In 1891,the Victorian artist George Frederic Watts moved with his wife Mary Seton Watts to Limnerslease, the house they had commissioned at Compton from Ernest George . Once established in Limnerlease, and with her characteristic energy, Mary used the skills of local people she’d taught to work in clay, to build the Watts Chapel with its extraordinary decoration. This local skill base became the foundation of a pottery business which she established – the Compton Potters Arts Guild. By the beginning of the twentieth century, a separate building on the site housed the pottery, and to provide accommodation for the potter apprentices and also a space to showcase Watts work, the Watts Gallery – shown below – was built and opened in 1904. The whole complex celebrates the artistic vision of the Watts and in particular Mary’s energy and dynamism.
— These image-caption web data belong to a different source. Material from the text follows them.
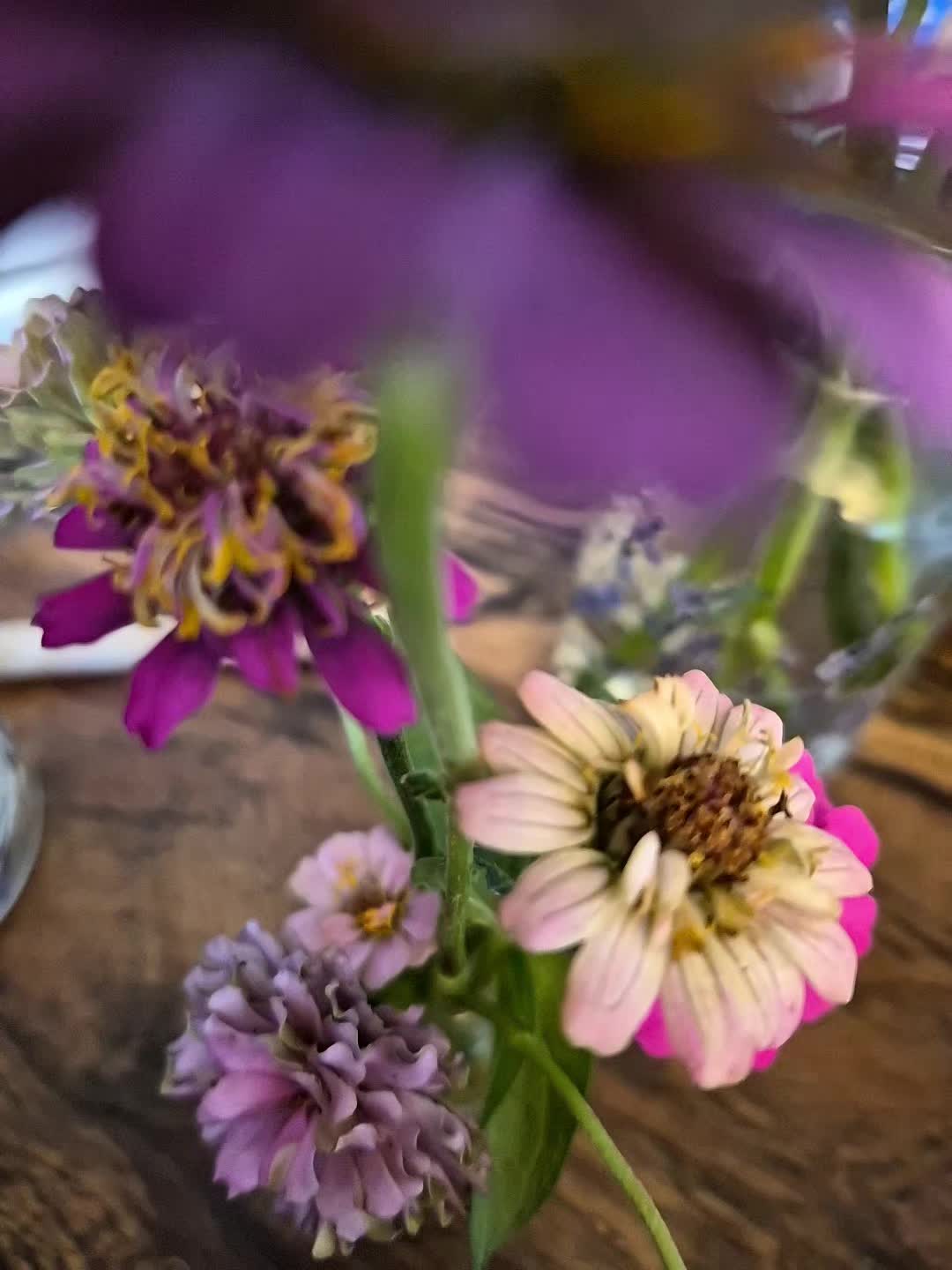 @HeartMelissaKay💗
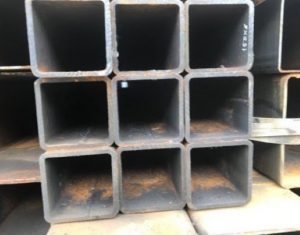 Lựa chọn thép chất lượng luôn đảm bảo an toàn cho công trình của khách hàng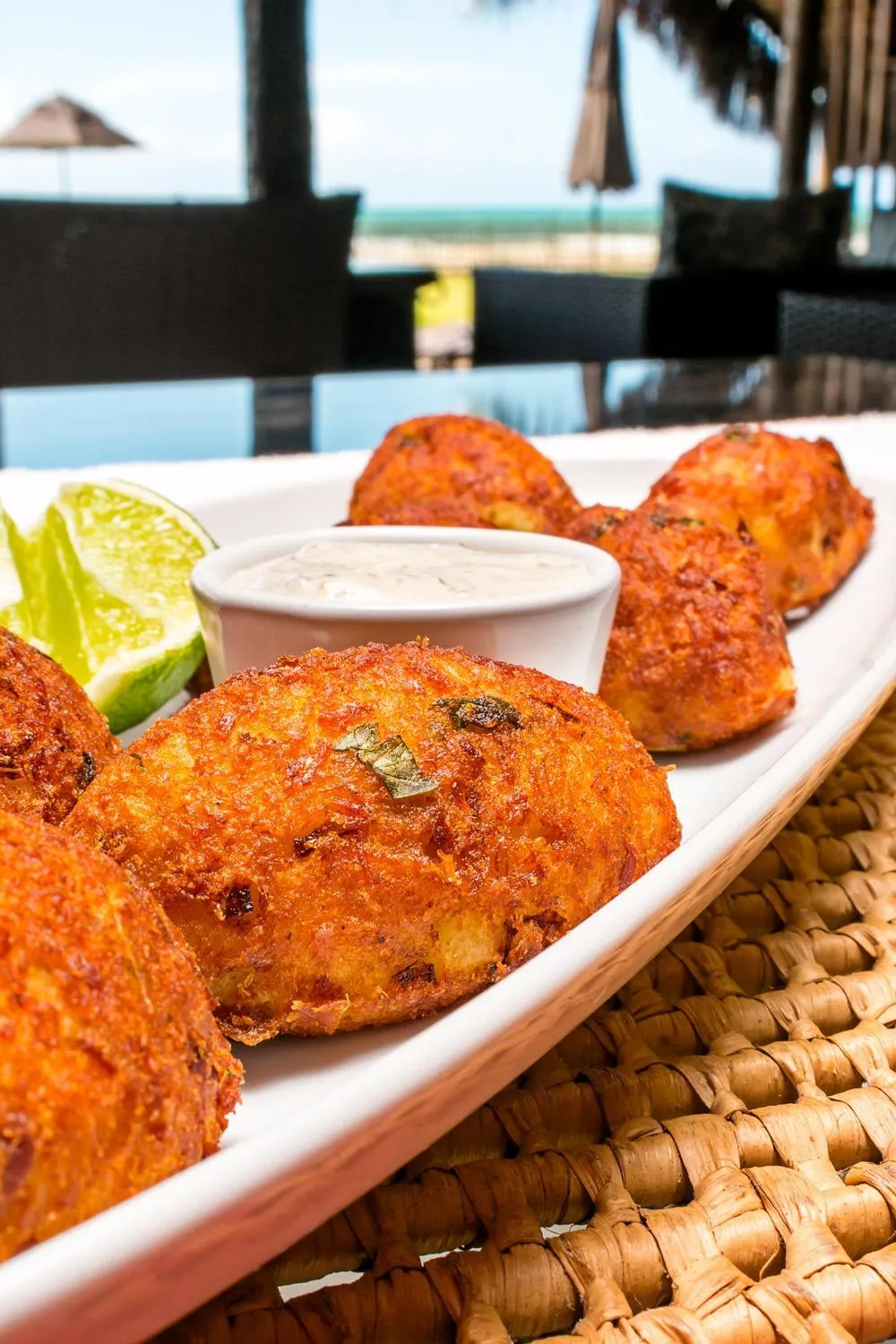 Restaurant/places to eat in Vila Vagalume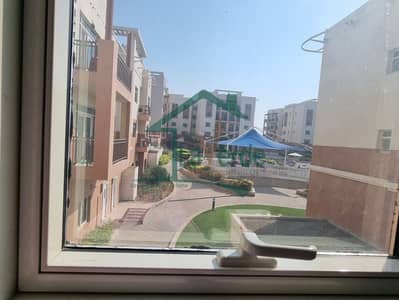 شقة 1 غرفة نوم للبيع في الغدیر، أبوظبي - IMG-20250425-WA0007. jpg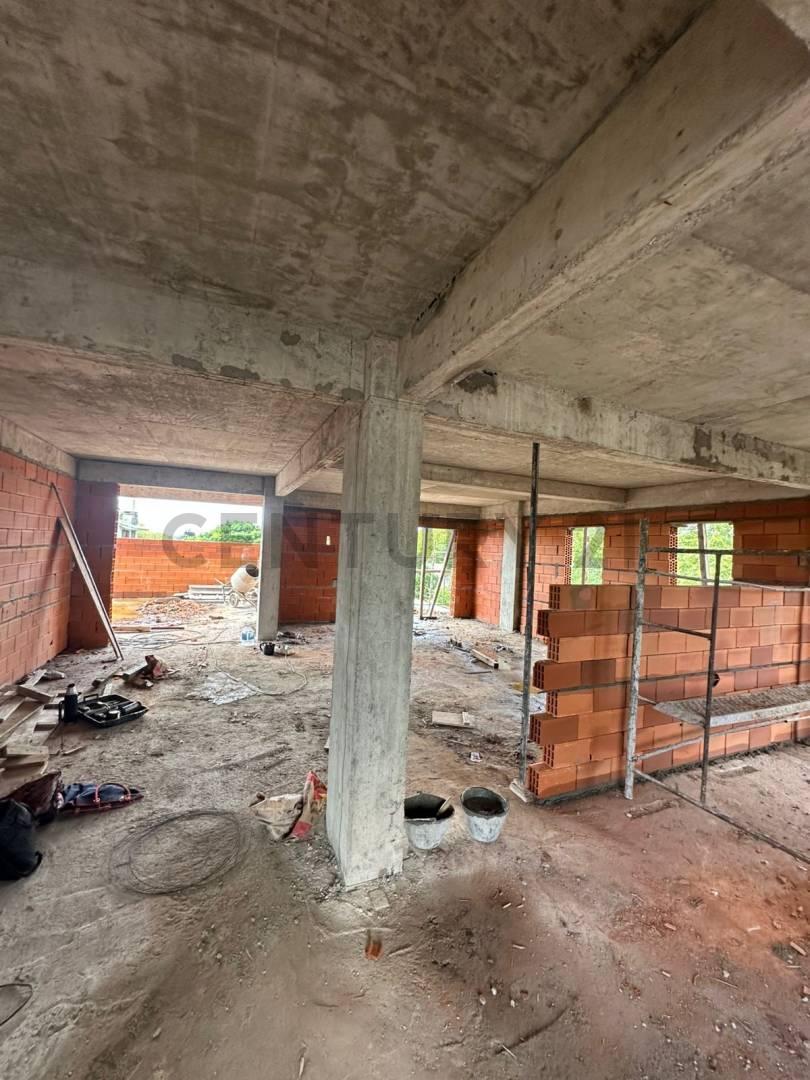 Foto de DEPARTAMENTO 4 AMBIENTES EN POZO – FINANCIACIÓN | BERAZATEGUI, imagen 4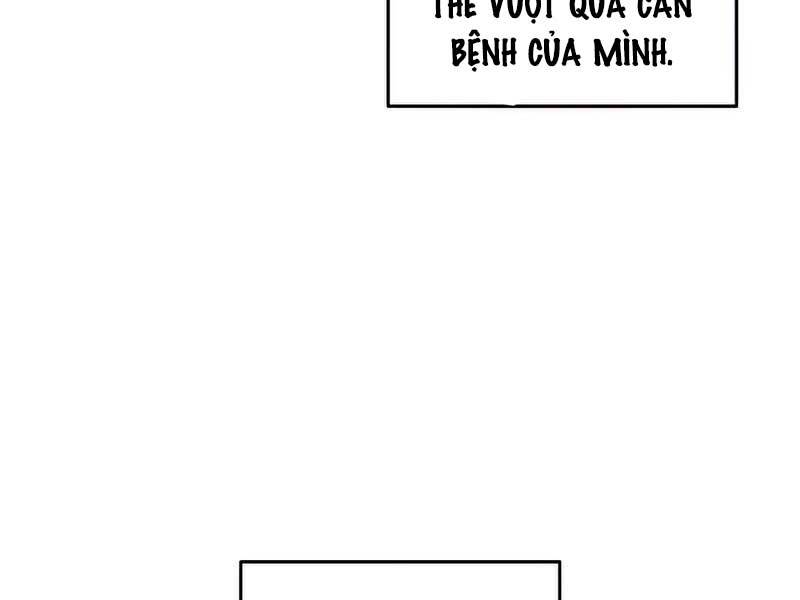 Tôi Là Lính Mới Chapter 102 - 207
I went on a tour of Limnerlease, the Watts house, ( thank you to my tour guide! ) and discovered that it is a member of Historic Houses, like our own Elizabeth Gaskell’s House . Historic Houses represents the nation’s largest collection of independently owned historic houses – a treasure trove to explore!
George Frederic Watts is probably best known for his large allegorical and symbolist works. He said ‘ I paint ideas, not things. I paint primarily because I have something to say, and since the gift of eloquent language has been denied me, I use painting. My intention is not so much to paint pictures which shall pleasure the eye, as to suggest great thoughts which shall speak to the imagination and to the heart and arouse all that is best and noblest in humanity.’
Returning to England in 1848 from travelling in Italy, he completed a number of paintings expressing his shock at the poverty and destitution which he saw on the streets of London. Elizabeth Gaskell would certainly have been drawn to his pictures of workers fleeing the famine in Ireland, or to the tragic woman who has drowned herself in the Thames – pictures which paint such poignant stories of personal pain and wider social injustice.
Of all his work, I’m particularly drawn to Watt’s portraits – which he always said he painted to pay the bills! There is a wonderful portrait of Charles Hallé in the Gallery, our Marianne’s piano teacher and the founder of the Hallé orchestra, and also a portrait of Hallé’s wife with her violin which I found very tender. We’ve been looking at the friendship between the Gaskells and Charles Hallé recently as 2019 is the bicentenary of his birth. I also enjoyed this unfinished portrait of Florence Nightingale, also a friend of Elizabeth Gaskell. Do read our blog which explores a little of their connection.
In 1850, Elizabeth Gaskell had hatched a plan on behalf of Thomas Wright, a local foundry worker who had taken up the cause of prison reform after a religious revelation. Watt’s painting ‘The Good Samaritan’, which he had exhibited at the Royal Academy, has an inscription honouring Wright. Gaskell’s plan was that various Manchester dignitaries should contribute to a fund to buy the painting, although in the event Watts gave it to the Manchester Corporation ( now Manchester Art Gallery) in 1852 in honour of Thomas Wright.She certainly sent friends to visit Watts at his London studio : writing to Eliza Fox in February 1850, she says ‘I have sent such a number of charming people to see Mr Watts, he must think I have a glorious circle of friends‘
Most interesting to map some of the links between the Watts Gallery – Artists Village and Elizabeth Gaskell’s House, and very many thanks to the Watts Gallery for allowing the use of the images of the portraits of Mrs Hallé and Florence Nightingale.